# Painting tubes and inside blanks?



## handplane (Aug 4, 2009)

I have done a few acrylic pens and have painted the tubes only before gluing in the tube.  On couple of the pens the paint seemed to come loose from the tube.  I only noticed this during the finishing process when I felt a bump that should not have been there.  It looked like the blank was coming loose in small sections.  I was able to fix it by soaking the ends in CA and letting it sit.  I know the paint was dry before I assembled things but am not sure what made it come apart.  What did I do wrong?  Should I paint the inside of the blank and not the tube?  I'm still learning.


----------



## Wheaties (Aug 4, 2009)

That's what I do: Paint the inside of the blank with Testors and use CA to glue it up. Haven't had any problems yet!


----------



## Rstyleusa (Aug 4, 2009)

I have just ventured into the Acrylic pens, only turned 3 so far.  I have not noticed the paint coming off the brass tube yet.  I do rough up the brass tube before I paint it, then when I glue it into the blank I do it quickly without turning the brass tub to seat it, just push it in gently.  Another thing is look to see if you can get already colored tubes for your pens.  I have some sets that already come in white or titanium colors.  After I square up the blank I seal it with some more CA on the ends (then square it again if necessary to clear out any remaining CA).  I think the biggest thing is to rough up the brass tube before paints so the paint has a rough surface to stick to.

Funny thing is that I never though of painting the inside of the blank, that would definately work too!


----------



## omb76 (Aug 4, 2009)

The best advise I ever received was to always paint the inside of the blank when turning acrylic!  I take it a step further and also paint the brass tubes.  I also sand the tubes before painting to make sure the surface is clean.  I typically just use the $.99 can of spray paint from Dollar General.  It's fun to experiment with different colors of paint as it will yield different results in your finished product.   i.e. black will typically make the finished blank look deeper in color and white brighter in color.

I have found that using CA to glue the tubes is not the best way to go as any excess heat from sanding can cause the CA to fail.  I always use a 2 part epoxy to glue everything.  When you paint the inside of the blank it won't matter if there is a yellow tint to the glue as you won't see it anyway.  I will also usually wait 24 hrs after painting until I glue the tubes in.  

Good luck!


----------



## Monty (Aug 4, 2009)

Works best if you paint both the inside of the blank and the tube. That way, if you get a bubble in your glue or small scratch in the paint, it's not as likely to show.
BTW, I use the $1 spray enamel from Wally World and so far (knock on wood) have had no problems. And I rough the tube with sandpaper.

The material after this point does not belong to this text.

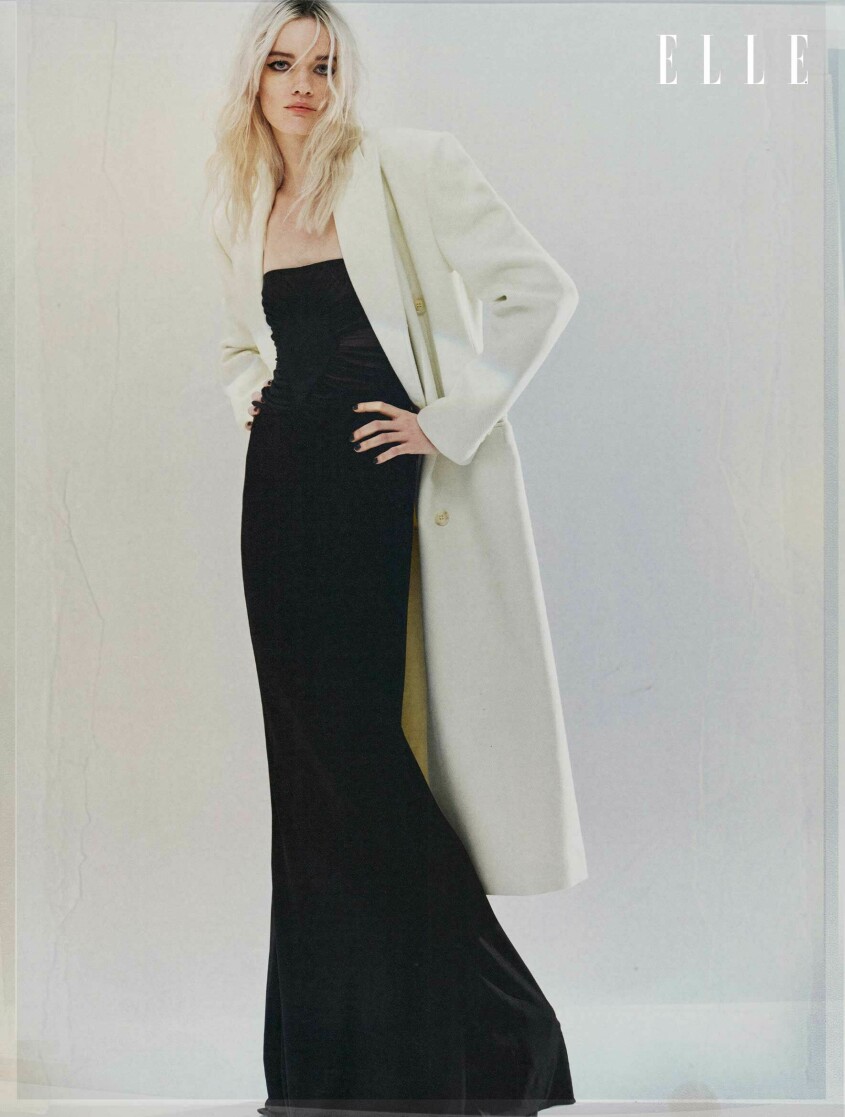 Modellen bär en lång vit kappa från MM6 Maison Margiela över en svart topp och kjol från Saint Laurent.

edit in: Dave and I typing at the same time I see. However, I always use thick CA for gluing. I drizzle a small amount inside the blank and let it set on the bench so the glue runs down inside while I put a bead on the tube. I then insert the tube and gently twist it in and out a time or two to evenly distribute the glue over the surfaces. Since I've started this method, I've had very few failures. I believe the trick is to get a coating of glue over the complete surfaces of the blank and tube.


----------



## handplane (Aug 4, 2009)

Thanks for the advice.  I used 2 part epoxy to glue in the tubes but it did get hot during the finishing stages.  I'm getting ready to start turning again since my move so maybe this time I'll take some pictures.  Getting BLO and CA is the hard part here.  I will probably do a lot more plastic here than wood.  I get plastic polish and MM from work.


----------



## gt64155 (Aug 19, 2009)

*Painting Pen Blanks*

I'm still fairly new to the world of non-wood pen blanks. I have turned some AA and some PR blanks with different results.  I have noticed that on some of the blanks, the brass does show through. My question is what color of paint do you use? Do you try and find something similar in color to the blank, or even mix colors to try and get something closer to the blank color. Or, do you just use plain old black or white?


----------



## Jim Smith (Aug 19, 2009)

gt64155,

The answer to your questions is yes.  That is to say, it depends on the effect I am going for.  I use basic black or white for most blanks, but if I'm using say a light blue/pearl blank I might use dark blue on both the tube and the inside of the blank.  On a very light pink blank, I might use dark red to darken up the pink a bit.  I even use Brasso to polish the blank up nice and shiny on some blanks that I want the tube to show.   Unlike most of the others, I use fairly good $6 spray paint.  Since this is such a miniscule part of the cost of building the pen (~3 cents), I would rather have good paint that sprays evenly than mess around with the cheapest I can find.  I also use 2 part epoxy to glue the tubes into the blanks.

Jim Smith


----------



## GouletPens (Aug 19, 2009)

The problem you're describing sounds a lot like CA failure. If you're using thin or med CA, there is quite a bit of solvent in the glue, which eats away at the acrylic paint. Not only that, but since the CA can't soak into the acrylic like it does the wood, the bond is not as strong. I used to do CA for everything, but since switching over to 2-part epoxy I have not had a single acrylic failure yet. Epoxy is also a better gap-filler, so it will bond better if your tube is a little loose inside the blank. You can also tint the epoxy while you're mixing it up with Testors. Heck, if you want to be darned sure, paint the inside of the blank, paint the tube, _and_ tint the glue. You can be pretty certain that'll cover it all!!:bulgy-eyes:


----------



## aggromere (Aug 19, 2009)

i color the tubes with different colored magic markers and have not had a problem.  They come in all colors.  Sand the tubes first then cover with magic marker.


----------



## jkeithrussell (Aug 19, 2009)

I paint the tubes, not the blank.  After the paint is dry, plug both ends of the tube and use as much 2-part epoxy as I can possibly get between the tube and blank.  Allow to set up for a bare minimum of 4 hours, preferably over night.  I've never had a glue-related failure.


----------